5. It is well absorbed and seems to have greater therapeutic impact when administered orally as opposed to intravenously
6. While effective for inflammation and injury, it is even more effective if administered prior to a traumatic event, i.e. surgery or athletic competition.
7. It seems to enhance the absorption of and improve the action of other substances when they are administered in combination.
8. Because of its impact on the cytokine system, particularly IL-1 and TNF, which stimulate fever and acute phase response, and its demonstrated ability to increase the heart rate, bromelain may assist in generating an acute-stage healing response.
Bromelain has a wide range of conditions for which it has well documented therapeutic efficacy (see Table 4).
Dosage and Prescription Instructions
Available research does not demonstrate an enhanced efficacy of bromelain when it is administered between meals. It is generally recommended that bromelain be taken away from food unless it is being used as a digestive aid, because it is believed that otherwise, it will tend to act as a digestive enzyme and its therapeutic benefit may be diminished. While this may in fact be the case, the clinical studies conducted on bromelain have not followed this protocol.
Bromelain has shown therapeutic benefits in doses as small as 160 mg/day; however, it is thought that, for most conditions, best results occur starting at a dose of 750-1000 mg/day.
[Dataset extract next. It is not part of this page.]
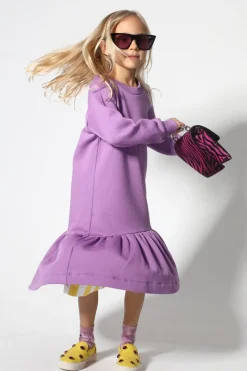 LILAC CREW NECK GATHERED DRESS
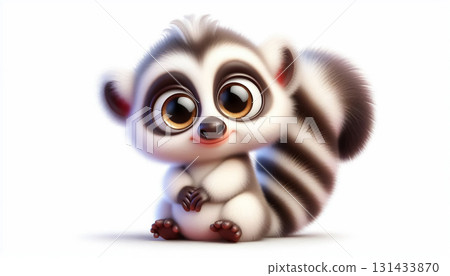 Funny cartoon of a lemur on white background 131433870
Most research on bromelain has been done utilizing divided doses, usually four per day, and findings indicate that results are dose-dependent. See Table 5 for a summary of prescription instructions.
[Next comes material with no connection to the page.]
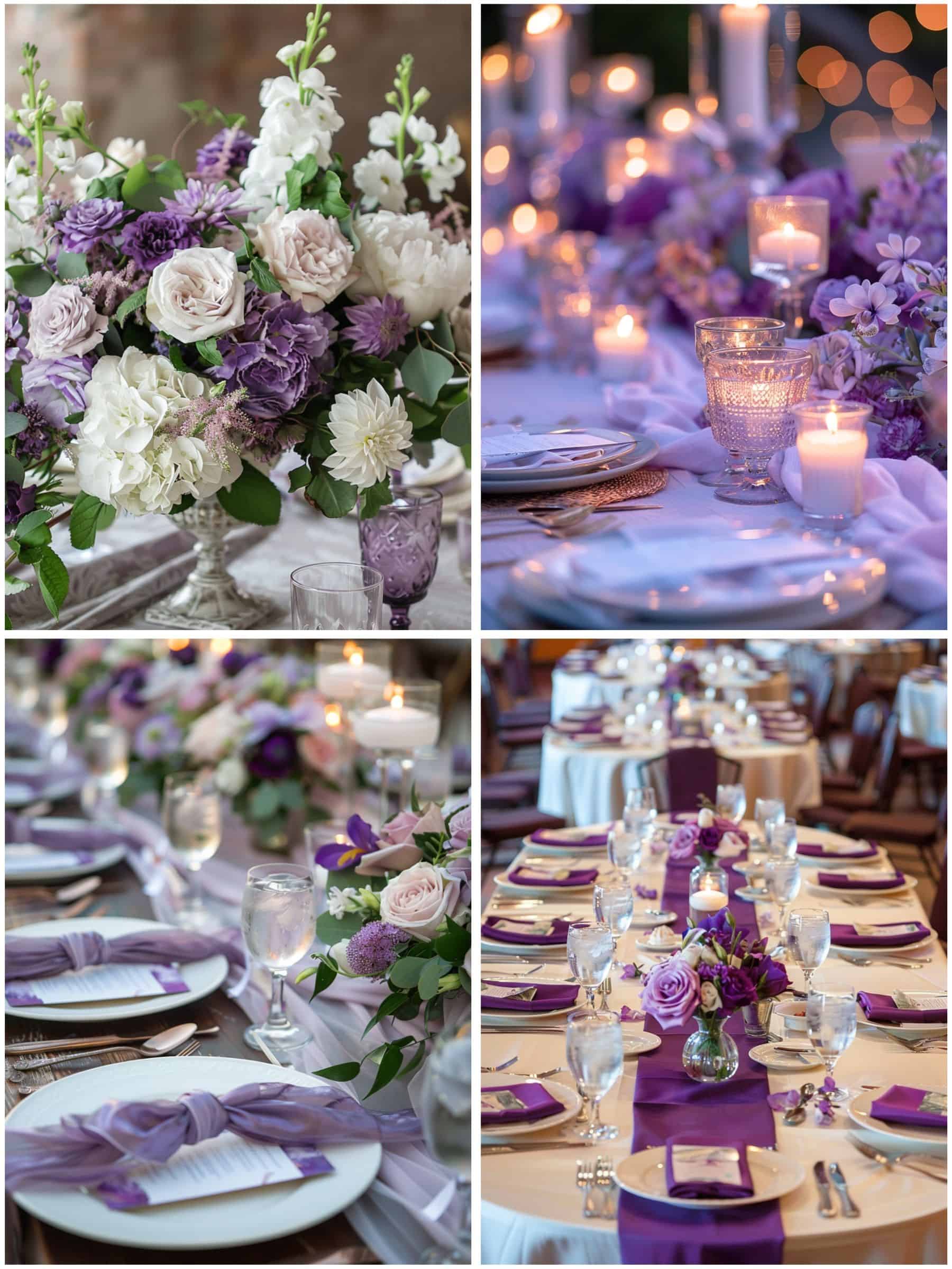 purple and white table setting ideas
Bromelain has been used for a variety of clinical applications for more than 35 years. Although its mechanisms of action has not been completed resolved, bromelain has demonstrated a beneficial effect on the kinin system, the coagulation cascade, the cytokine system, and prostaglandin synthesis. Bromelain is believed to enhance the absorption of flavonoids and has been shown to increase absorption of glucosamine, so bromelain supplemention should be considered when these nutrients are given. It may also enhance absorption and utilization of many other substances; however, to date research in this area has focused primarily on antibiotics. Bromelain has been shown to exert a beneficial effect at doses as low as 160 mg/day, however, there is a general consensus among researchers that the best results occur when bromelain is given in doses above 500 mg per day and that results improve in a dose-dependent manner with higher levels of bromelain supplementation. Bromelain has been demonstrated to be well absorbed after an oral dose and has been shown to be safe at high doses for prolonged periods of time. For the conditions discussed in this review, bromelain has shown itself to be an effective supplement.”